Mais um facto: os bancos e a própria SPGM não estavam preparados para receber uma avalanche de pedidos num tão curto espaço de tempo. “Em dois meses foi levado a cabo um volume de trabalho correspondente a dois anos”, disse a presidente da SPGM, Beatriz Freitas, no Parlamento, explicando a burocracia com o facto de ser necessário assegurar que “o auxílio de Estado cumpre com as obrigações provenientes das decisões da Comissão Europeia”.
Tudo isto contribuiu para os atrasos iniciais de que as empresas se queixaram, mas não explica a diferença de valores que António Costa citou no Parlamento e os bancos dizem.
O primeiro-ministro foi perentório há uma semana: os bancos só contrataram 1,5 mil milhões de euros de garantias. Esta semana, o IAPMEI atualizou o valor: apenas 1,7 mil milhões foram concedidos até agora, 28% do total das linhas.

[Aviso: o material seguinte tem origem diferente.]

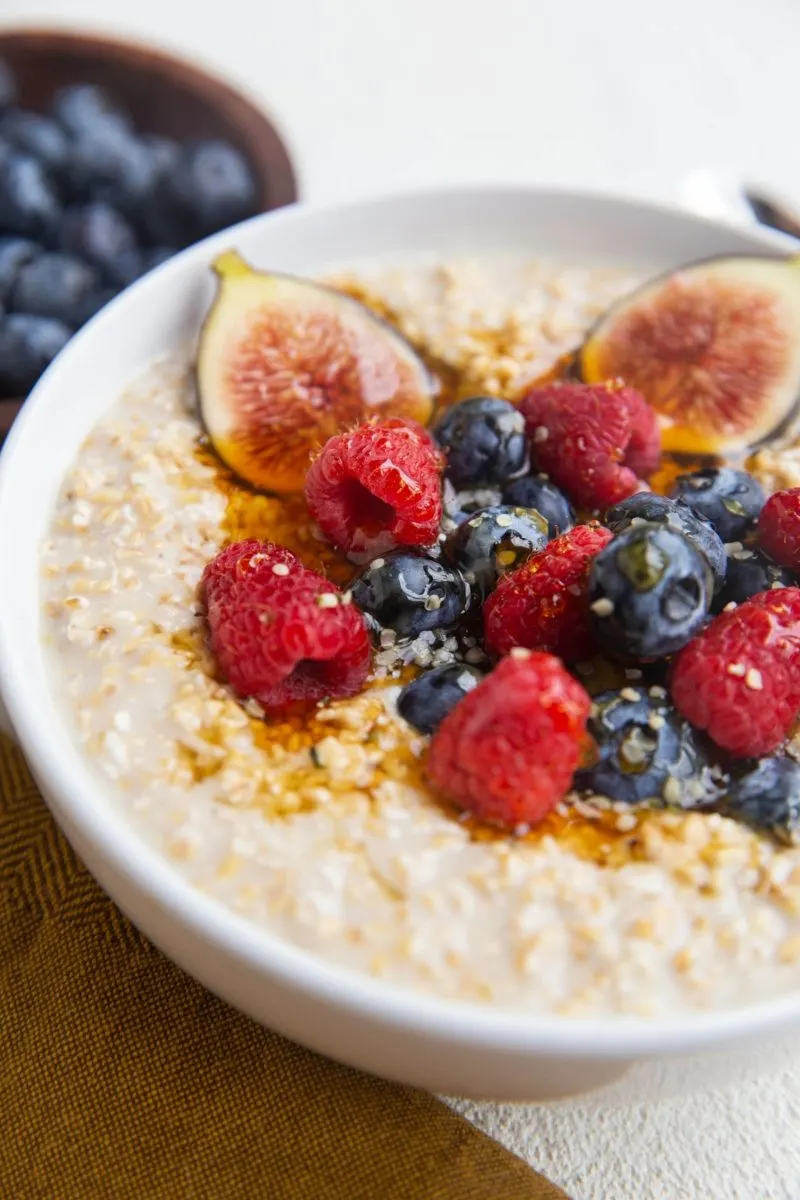 close up image of steel cut oatmeal with fresh berries, figs, and honey on top with a golden napkin and a bowl of blueberries in the background.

Esta quinta-feira, os presidentes dos principais bancos portugueses deram outro número: só CGD, BCP, Novo Banco e BPI já têm aprovados 3,85 mil milhões de euros no âmbito destas linhas:
- CGD: 800 milhões
- BCP: 1.450 milhões
- Novo Banco: 1.000 milhões
- BPI: 600 milhões em crédito
Onde está a diferença? Enquanto o primeiro-ministro e o IAPMEI se referiam aos créditos já contratados pelas empresas, isto é ao dinheiro que já chegou às contas das empresas, os banqueiros referiam-se aos montantes que foram apenas aprovados pelos bancos (faltando o ok da SPGM ou a assinatura final do cliente para o depósito das verbas nas respetivas contas bancárias).

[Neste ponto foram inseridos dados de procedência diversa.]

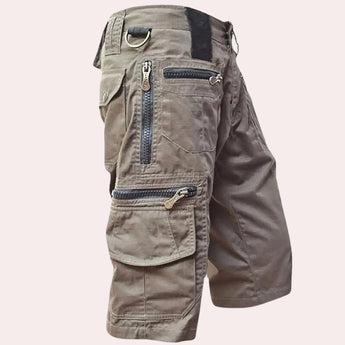 Light brown tactical cargo pants featuring multiple pockets and zippers, designed for outdoor use in a 3XL size.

Por exemplo, António Ramalho explicou que dos 1.000 milhões aprovados pelo Novo Banco, 400 milhões tinham sido contratados pelas empresas. No BPI, o CEO indigitado João Oliveira e Costa referiu que 52% do montante aprovado pelo banco estava nas contas das empresas, ou seja, pouco mais de 300 milhões.
Por que é que o valor contratado é tão baixo? Cada empresa tem as suas necessidades. Se muitas estão em situação aflitiva, outras acederam às linhas por uma questão de precaução. Aliás, os clientes têm 30 dias para assinar o contrato de empréstimo depois de aprovado pelo banco e pela SPGM. E, mesmo depois da assinatura, a empresa tem 12 meses para utilizar o crédito.
“São empresas que fizeram cenários da evolução da sua tesouraria e em função disso pediram a linha para a utilizarem quando dela vierem a necessitar”, esclareceu Miguel Maya. Ou seja, mesmo após a aprovação do banco e da SPGM, as empresas poderão não assinar imediatamente o contrato.
A prova dos 9
“Casa onde não há pão, todos ralham e ninguém tem razão”. Neste caso, tendo em conta os números que foram avançados quer pelo primeiro-ministro, associações empresariais e bancos, todos têm razão, dependendo do “indicador” para onde se está a olhar.
António Costa referiu-se aos montantes aprovados pela SPGM (cinco mil milhões) e aos que já foram disponibilizados às empresas (1,5 mil milhões). Já os bancos sublinharam os montantes que eles próprios já aprovaram (3,85 mil milhões), sendo que nem tudo chegou às empresas porque ou ainda aguardam ok da SPGM ou porque os clientes ainda não assinaram o contrato.